- Origin: Japan
- Genres: J-pop;
- Years active: 2019–2020
- Labels: WACK T-Palette Records
- Past members: Pan Luna Leafy; Yuina Empire; Uruu Ru; Yumeka Nowkana?;
- Website: www.carryloose.com

= Carry Loose =

Japanese idol girl group

Carry Loose (キャリールーズ), stylized as CARRY LOOSE, was a Japanese alternative idol girl group active from September 2019 to October 2020. They released their debut album, Carry Loose, on October 22, 2019.

==History==
On June 19, 2019, it was announced that former Bis members Pan Luna Leafy and Yuina Empire, along with Wagg trainee Uruu Ru, would form a new group. The group was given the temporary name Curry Rouxz, and auditions were held for additional members. On September 4, the group's name was finalized as Carry Loose, and a new member, Yumeka Nowkana?, was added. The group's eponymous debut album was released on October 22.

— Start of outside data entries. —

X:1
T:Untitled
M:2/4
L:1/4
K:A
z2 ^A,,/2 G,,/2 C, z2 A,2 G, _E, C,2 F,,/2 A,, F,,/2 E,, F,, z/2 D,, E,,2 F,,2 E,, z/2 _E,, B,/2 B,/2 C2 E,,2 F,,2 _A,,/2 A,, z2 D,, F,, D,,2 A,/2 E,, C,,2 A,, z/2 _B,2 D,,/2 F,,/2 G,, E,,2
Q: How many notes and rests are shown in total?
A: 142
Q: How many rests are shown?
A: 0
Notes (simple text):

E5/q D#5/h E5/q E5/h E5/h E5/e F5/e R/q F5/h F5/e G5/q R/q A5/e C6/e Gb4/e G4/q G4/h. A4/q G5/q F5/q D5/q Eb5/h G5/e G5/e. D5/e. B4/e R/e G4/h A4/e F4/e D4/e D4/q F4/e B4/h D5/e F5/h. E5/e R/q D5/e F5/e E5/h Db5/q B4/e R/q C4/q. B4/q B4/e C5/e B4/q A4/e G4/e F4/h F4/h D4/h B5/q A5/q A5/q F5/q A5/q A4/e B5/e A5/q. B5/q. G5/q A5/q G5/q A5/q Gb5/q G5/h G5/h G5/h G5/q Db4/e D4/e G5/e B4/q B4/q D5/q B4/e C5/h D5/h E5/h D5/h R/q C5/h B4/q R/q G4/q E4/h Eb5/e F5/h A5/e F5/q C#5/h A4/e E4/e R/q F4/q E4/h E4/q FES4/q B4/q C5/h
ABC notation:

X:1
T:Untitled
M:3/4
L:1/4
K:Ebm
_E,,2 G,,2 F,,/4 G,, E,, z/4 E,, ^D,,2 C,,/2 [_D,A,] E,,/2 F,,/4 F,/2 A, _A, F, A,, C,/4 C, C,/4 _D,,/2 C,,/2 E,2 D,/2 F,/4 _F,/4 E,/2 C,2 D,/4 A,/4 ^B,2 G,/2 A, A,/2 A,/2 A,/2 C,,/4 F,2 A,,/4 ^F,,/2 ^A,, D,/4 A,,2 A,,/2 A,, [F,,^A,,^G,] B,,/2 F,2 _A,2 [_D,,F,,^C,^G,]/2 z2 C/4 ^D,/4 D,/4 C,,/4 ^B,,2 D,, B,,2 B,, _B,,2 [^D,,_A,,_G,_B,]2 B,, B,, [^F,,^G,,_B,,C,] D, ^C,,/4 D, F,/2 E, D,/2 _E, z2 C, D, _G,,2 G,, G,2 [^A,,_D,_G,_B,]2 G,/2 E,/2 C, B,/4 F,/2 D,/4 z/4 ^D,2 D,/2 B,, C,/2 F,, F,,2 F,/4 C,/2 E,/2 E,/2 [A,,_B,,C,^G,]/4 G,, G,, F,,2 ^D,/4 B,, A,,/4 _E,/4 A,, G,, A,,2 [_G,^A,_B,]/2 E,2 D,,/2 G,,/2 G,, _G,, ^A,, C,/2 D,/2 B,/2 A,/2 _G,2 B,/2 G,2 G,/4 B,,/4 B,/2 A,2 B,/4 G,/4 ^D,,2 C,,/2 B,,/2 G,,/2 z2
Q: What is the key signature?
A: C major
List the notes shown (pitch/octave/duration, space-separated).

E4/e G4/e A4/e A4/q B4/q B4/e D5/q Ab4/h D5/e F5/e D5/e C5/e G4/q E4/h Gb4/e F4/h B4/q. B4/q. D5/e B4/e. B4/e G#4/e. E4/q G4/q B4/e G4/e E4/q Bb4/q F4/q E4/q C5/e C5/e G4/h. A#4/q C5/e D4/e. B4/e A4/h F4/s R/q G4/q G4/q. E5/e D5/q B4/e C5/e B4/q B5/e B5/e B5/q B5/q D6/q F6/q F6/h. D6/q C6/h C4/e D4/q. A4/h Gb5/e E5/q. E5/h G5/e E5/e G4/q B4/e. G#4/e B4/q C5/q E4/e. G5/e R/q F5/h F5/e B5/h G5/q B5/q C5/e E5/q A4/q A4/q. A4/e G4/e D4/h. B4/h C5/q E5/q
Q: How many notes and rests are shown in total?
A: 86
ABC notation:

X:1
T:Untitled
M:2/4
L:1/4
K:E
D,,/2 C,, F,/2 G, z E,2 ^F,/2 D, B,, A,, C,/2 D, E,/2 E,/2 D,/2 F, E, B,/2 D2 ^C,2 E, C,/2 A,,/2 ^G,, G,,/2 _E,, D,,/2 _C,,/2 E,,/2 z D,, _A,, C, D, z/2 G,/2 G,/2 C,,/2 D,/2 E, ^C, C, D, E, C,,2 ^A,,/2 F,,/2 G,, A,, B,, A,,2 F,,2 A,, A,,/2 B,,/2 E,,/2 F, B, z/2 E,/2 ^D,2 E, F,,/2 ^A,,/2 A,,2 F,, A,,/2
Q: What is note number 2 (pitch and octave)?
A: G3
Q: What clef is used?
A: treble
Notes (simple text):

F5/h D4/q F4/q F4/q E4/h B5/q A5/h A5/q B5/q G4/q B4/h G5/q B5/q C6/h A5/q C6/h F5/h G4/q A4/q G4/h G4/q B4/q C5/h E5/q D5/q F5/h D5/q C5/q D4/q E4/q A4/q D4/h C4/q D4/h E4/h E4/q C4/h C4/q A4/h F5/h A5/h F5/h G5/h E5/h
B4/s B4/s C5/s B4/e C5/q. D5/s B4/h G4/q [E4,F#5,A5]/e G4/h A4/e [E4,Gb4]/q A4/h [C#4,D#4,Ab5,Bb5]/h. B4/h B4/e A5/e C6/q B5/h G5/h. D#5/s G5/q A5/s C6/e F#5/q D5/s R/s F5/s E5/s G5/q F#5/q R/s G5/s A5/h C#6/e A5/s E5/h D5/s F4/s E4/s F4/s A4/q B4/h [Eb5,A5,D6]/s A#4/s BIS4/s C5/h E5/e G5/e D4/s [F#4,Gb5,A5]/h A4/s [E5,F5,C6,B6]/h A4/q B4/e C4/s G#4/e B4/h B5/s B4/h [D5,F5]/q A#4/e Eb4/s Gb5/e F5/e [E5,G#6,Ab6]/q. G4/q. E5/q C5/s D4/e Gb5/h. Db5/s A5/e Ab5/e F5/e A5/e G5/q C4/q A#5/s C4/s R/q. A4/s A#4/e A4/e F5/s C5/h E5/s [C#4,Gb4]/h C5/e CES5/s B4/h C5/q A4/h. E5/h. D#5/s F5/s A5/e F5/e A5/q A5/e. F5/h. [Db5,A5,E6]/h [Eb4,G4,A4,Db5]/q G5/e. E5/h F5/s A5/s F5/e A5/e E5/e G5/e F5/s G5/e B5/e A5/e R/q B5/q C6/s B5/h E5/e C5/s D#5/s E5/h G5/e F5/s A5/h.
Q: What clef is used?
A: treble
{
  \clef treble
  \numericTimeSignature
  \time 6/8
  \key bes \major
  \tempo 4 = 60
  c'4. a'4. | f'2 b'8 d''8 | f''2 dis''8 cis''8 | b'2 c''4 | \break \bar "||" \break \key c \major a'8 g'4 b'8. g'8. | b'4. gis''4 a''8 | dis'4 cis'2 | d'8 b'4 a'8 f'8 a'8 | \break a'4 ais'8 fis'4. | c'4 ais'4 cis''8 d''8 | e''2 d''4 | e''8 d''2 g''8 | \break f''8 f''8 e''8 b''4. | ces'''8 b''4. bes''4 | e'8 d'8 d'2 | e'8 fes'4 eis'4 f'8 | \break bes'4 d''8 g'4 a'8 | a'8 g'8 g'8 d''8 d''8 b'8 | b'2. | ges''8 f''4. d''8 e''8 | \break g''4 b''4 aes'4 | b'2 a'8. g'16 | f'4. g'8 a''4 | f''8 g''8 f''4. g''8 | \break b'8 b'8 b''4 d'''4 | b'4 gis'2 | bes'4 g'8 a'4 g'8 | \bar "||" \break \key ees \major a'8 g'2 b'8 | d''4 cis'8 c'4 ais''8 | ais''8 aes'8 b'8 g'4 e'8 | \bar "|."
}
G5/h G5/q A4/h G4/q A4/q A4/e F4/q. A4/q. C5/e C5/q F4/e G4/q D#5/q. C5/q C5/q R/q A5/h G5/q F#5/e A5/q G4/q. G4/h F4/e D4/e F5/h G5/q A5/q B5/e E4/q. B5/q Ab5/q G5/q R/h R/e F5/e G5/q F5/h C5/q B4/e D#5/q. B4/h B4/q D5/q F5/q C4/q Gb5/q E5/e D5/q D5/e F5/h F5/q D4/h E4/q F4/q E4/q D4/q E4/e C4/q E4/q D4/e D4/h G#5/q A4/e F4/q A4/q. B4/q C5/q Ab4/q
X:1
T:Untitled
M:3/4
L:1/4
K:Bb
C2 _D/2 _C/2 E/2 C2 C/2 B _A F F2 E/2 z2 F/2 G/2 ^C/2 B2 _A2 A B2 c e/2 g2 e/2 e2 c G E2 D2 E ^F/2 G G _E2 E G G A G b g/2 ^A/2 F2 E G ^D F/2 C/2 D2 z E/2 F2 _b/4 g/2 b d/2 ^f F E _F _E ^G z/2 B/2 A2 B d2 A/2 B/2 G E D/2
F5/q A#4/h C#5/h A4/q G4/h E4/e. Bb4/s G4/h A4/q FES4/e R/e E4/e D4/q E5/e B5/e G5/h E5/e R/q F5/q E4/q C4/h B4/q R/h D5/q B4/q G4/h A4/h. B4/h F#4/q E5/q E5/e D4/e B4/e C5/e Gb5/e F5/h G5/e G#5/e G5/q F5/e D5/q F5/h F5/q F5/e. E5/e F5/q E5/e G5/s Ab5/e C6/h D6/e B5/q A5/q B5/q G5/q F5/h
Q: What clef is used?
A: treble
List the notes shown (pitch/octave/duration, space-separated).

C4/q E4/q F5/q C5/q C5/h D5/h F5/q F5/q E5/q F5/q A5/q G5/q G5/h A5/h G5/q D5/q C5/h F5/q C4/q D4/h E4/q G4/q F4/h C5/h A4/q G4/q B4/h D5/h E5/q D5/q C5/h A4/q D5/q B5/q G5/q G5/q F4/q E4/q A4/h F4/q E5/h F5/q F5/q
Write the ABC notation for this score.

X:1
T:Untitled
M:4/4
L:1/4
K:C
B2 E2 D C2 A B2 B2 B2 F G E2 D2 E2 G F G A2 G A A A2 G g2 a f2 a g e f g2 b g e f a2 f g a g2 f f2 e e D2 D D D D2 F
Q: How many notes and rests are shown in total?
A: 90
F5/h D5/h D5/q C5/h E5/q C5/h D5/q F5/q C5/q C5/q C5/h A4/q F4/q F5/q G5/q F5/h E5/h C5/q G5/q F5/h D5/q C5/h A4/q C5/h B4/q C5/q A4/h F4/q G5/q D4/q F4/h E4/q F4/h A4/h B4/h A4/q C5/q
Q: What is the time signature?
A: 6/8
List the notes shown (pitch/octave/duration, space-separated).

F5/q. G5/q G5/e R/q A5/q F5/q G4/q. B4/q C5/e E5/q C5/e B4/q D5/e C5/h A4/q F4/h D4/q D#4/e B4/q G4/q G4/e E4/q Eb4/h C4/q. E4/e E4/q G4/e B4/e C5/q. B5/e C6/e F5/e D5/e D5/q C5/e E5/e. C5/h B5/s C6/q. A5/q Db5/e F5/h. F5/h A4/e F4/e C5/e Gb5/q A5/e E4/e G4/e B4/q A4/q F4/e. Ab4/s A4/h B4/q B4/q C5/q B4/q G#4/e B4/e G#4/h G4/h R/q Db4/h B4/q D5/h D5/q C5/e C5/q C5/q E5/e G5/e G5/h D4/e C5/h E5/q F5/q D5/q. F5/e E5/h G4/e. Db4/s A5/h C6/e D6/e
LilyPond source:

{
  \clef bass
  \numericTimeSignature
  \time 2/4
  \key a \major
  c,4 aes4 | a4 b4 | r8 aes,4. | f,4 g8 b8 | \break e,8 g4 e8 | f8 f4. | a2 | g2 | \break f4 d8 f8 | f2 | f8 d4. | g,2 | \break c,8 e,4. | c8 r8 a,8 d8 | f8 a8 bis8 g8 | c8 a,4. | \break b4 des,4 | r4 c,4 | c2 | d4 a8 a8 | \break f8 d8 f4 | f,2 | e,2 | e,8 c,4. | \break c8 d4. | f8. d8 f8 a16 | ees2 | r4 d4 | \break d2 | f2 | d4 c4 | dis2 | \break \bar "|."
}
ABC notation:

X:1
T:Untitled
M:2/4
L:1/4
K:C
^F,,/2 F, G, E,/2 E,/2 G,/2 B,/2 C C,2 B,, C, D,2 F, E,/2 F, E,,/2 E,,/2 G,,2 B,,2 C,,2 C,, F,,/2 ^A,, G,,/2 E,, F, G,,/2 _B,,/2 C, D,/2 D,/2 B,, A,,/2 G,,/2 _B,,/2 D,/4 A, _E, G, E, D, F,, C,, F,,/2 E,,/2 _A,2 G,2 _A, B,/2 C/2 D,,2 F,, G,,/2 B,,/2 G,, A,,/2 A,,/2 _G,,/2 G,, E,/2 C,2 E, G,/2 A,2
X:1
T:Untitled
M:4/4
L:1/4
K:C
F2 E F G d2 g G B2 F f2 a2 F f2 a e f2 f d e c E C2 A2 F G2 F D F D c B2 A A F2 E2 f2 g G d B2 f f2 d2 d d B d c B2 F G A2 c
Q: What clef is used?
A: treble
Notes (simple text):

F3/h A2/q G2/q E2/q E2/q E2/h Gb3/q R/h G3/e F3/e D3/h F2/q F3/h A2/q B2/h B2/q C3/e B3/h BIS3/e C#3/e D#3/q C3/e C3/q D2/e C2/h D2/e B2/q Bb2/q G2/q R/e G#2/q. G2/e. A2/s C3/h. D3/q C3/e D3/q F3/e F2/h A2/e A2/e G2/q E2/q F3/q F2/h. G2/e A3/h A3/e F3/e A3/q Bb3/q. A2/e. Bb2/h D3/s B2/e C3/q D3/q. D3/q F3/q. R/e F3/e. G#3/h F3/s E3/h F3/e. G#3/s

The group's first single, "Ningen," was released on February 11, 2020. From July 20, they broadcast a 24-hour livestream titled "Carry of Major," which continued until they achieved a major label debut. On October 16, after almost three months of livestreaming, it was announced that the group had not achieved a major debut and that they would disband on October 31, 2020. Carry Loose disbanded as planned on October 31, with the release of their second and final single, "Colors."

==Members==
- Pan Luna Leafy (パン・ルナリーフィ)
- Yuina Empire
- Uruu Ru (ウルウ・ル)
- Yumeka Nowkana? (ユメカ・ナウカナ？)

==Discography==
===Studio albums===

| Title | Album details | Peak chart positions |  |
| Oricon | Hot |
| Carry Loose | Released: October 22, 2019; Label: T-Palette Records; Formats: CD, digital download; | 16 | 17 |

===Singles===

Title: Year; Peak chart positions; Album
Oricon: Billboard
"Ningen" (にんげん): 2020; 4; 29; Non-album singles
"Colors": —; —
"—" denotes releases that did not chart or were not released in that region.